Dún Laoghaire students get to grips with the future of television and film

IADT’s investment in green screen and HD technology is preparing students for the way modern film and TV work

President of IADT Annie Doona with creative director of the National Film School Donald Taylor Black in the green-screen studios. Photograph: Cyril Byrne
President of IADT Annie Doona with creative director of the National Film School Donald Taylor Black in the green-screen studios. Photograph: Cyril Byrne

It’s a blank canvas, space-age style. The walls of the new green-screen room at Dún Laoghaire’s Institute of Art, Design and Technology (IADT) literally glow with potential. Step inside and your brain inevitably starts to fill them with cartoon cheetahs, exploding cars – even entire cityscapes. Next door, the latest models of high-definition camera scoot silently around a vast, pristine, purpose-built television studio.

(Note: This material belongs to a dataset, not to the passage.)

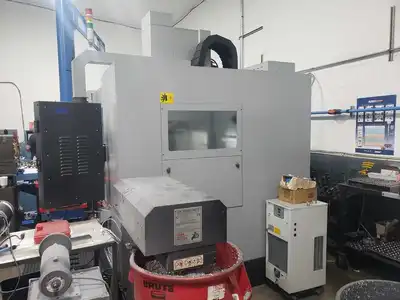 2016 GANESH VFM-4024 Vertical Machining Centers | Toolquip, Inc. (6)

It may look like the future of film and television, but as far as the president of IADT, Annie Doona, is concerned, that future has already arrived. It didn't come cheap. The total cost of refurbishing an existing building on campus, plus all that kit, has been more than €7 million; some raised by the college, some from industry sponsorship and a large slice from the Department of Education.


Madness or bravery?
At a time when many educational institutions are feeling the pinch of austerity, does this spectacular upgrade count as madness or bravery? "It was something we had to do – something the State needs, and the education sector really needs," Doona says. "We've always had very good film and radio facilities – what we've lacked was the facility to make high-quality TV programmes. That's where the jobs are, and that's where the industry is heading."

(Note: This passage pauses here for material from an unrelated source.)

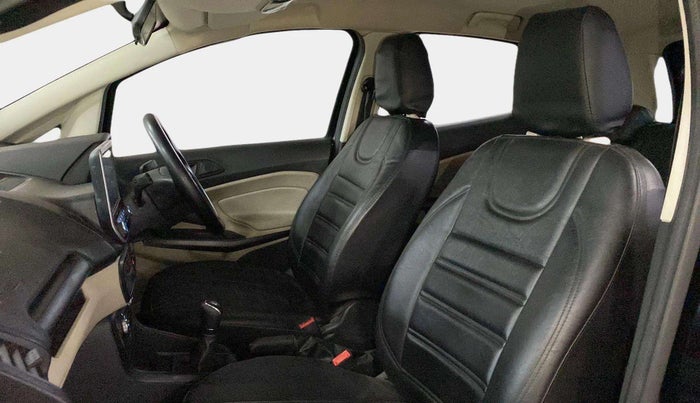 2020 Ford Ecosport TREND 1.5L PETROL, Petrol, Manual, 18,979 km, Right Side Front Door Cabin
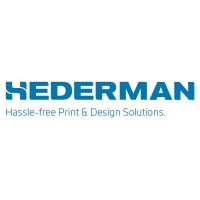 Hederman - Hassle-free Print & Design logo - Similar company to G12 Sales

IADT students try out the institute’s new state-of-the-art technology. Photograph: Cyril Byrne
IADT students try out the institute’s new state-of-the-art technology. Photograph: Cyril Byrne

For a technically-inclined life form the specifications on the new equipment are mouthwatering. Five Hitachi 16:9 HD camera chains plus a Jimmy Jib with a remote head; a Sony MVS switcher with 32 inputs and 16 outputs; a Grass Valley K2 Dyno 5 Replay Pro package. For a techno-duffer, meanwhile, how does that all translate into real-world action?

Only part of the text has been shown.